By copying his co-worker’s distinctive accent, on more than one occasion, and after being asked to stop by both the co-worker and another employee, Mr Federici’s behaviour amounted to harassment.
He was stood down with pay while his employer conducted a workplace investigation.
The Investigation
The employer’s workplace investigation consisted of interviews with witnesses, the alleged wrongdoer and the harassed employee. It was conducted by a lead investigator who was supported by other HR staff.
Throughout the investigation, Mr Federici continually denied the allegations put to him.
At the conclusion of its investigation, the employer considered that ‘on the balance of probabilities’ the allegations could be substantiated.
At a second meeting with his employer, failing again to display remorse or admit to the behaviour, Mr Federici was dismissed.
Mr Federici then sought to overturn his sacking by lodging an unfair dismissal claim with the Fair Work Commission.
The FWC’s Decision
From the outset, the FWC observed that there were major discrepancies between the evidence of Mr Federici and his former employer.

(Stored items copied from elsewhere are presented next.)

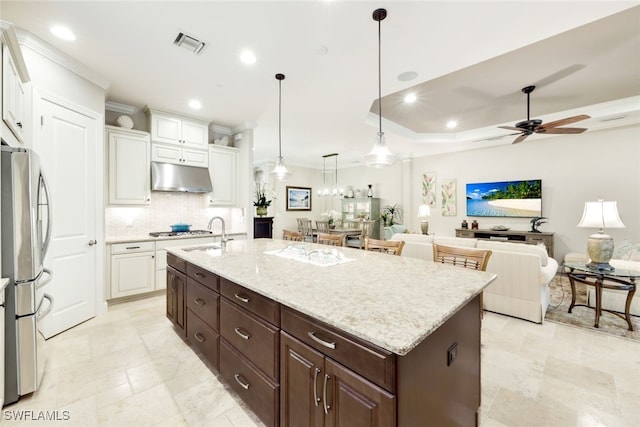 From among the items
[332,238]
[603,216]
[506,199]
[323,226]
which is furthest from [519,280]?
[323,226]

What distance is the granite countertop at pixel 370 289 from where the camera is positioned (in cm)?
94

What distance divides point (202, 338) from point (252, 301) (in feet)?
3.13

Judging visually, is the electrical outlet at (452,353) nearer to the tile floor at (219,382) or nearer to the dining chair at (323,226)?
the tile floor at (219,382)

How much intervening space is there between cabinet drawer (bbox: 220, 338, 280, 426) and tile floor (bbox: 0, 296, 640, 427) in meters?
0.18

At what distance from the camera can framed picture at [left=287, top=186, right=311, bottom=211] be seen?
8258 mm

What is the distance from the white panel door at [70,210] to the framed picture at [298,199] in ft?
17.9

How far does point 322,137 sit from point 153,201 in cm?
337

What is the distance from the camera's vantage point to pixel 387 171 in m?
7.88

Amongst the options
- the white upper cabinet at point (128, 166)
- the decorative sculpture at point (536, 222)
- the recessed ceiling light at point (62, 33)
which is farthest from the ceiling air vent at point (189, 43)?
the decorative sculpture at point (536, 222)

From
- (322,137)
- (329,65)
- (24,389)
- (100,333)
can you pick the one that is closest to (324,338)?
(24,389)

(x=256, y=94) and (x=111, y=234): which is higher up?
(x=256, y=94)

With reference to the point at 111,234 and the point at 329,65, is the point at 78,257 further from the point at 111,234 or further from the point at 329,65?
the point at 329,65

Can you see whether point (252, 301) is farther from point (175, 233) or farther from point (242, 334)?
point (175, 233)

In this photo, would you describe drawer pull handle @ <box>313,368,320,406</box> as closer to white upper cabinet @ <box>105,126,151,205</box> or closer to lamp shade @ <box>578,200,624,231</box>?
lamp shade @ <box>578,200,624,231</box> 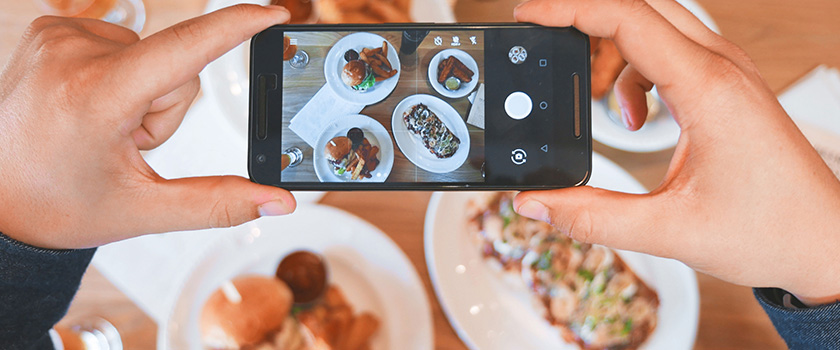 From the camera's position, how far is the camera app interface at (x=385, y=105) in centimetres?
49

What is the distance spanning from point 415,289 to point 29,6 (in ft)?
2.32

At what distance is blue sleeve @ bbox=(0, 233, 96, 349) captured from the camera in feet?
1.59

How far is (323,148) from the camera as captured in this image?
493 millimetres

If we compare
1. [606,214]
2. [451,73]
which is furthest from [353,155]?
[606,214]

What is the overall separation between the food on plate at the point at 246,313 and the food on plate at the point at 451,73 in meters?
0.38

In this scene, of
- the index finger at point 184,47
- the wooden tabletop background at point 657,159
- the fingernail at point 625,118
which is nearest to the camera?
the index finger at point 184,47

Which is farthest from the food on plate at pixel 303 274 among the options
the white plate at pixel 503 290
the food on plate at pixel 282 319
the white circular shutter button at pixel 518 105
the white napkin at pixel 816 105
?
the white napkin at pixel 816 105

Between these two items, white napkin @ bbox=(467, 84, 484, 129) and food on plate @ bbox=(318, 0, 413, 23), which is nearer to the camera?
white napkin @ bbox=(467, 84, 484, 129)

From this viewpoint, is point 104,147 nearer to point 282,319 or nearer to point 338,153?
point 338,153

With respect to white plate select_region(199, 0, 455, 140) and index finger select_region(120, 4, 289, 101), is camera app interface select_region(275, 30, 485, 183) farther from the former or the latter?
white plate select_region(199, 0, 455, 140)

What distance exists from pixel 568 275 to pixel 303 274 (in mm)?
386

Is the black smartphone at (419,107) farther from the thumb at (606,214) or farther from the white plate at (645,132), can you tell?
the white plate at (645,132)

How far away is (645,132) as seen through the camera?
679 mm

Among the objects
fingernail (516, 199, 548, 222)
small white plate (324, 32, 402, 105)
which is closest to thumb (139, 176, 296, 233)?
small white plate (324, 32, 402, 105) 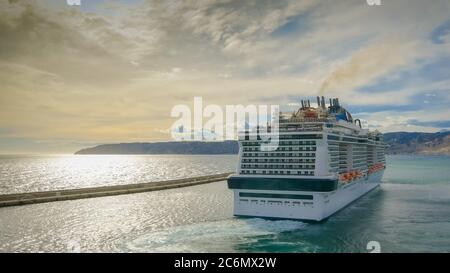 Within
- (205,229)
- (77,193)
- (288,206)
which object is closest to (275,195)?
(288,206)

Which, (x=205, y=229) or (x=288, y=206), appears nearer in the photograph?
(x=205, y=229)

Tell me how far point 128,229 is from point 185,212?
987cm

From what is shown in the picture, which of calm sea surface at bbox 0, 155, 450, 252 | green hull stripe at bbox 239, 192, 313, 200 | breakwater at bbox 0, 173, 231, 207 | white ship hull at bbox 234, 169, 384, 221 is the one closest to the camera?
calm sea surface at bbox 0, 155, 450, 252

Mr Federici claimed that he had no prior history of these behavioural issues and that even if the behaviour did occur, his sacking was a disproportionate response to his misbehaviour because of Kmart’s response to an earlier incident.
Unfortunately for Mr Federici, the FWC preferred his employer’s evidence, citing it as “credible and convincing”.
It was accepted by the FWC that the behaviour did in fact occur, it had a significant effect on the co-worker and Mr Federici should have been aware of the effect and impact given both his submissions and his commitment to various workplace policies that banned harassing behaviour.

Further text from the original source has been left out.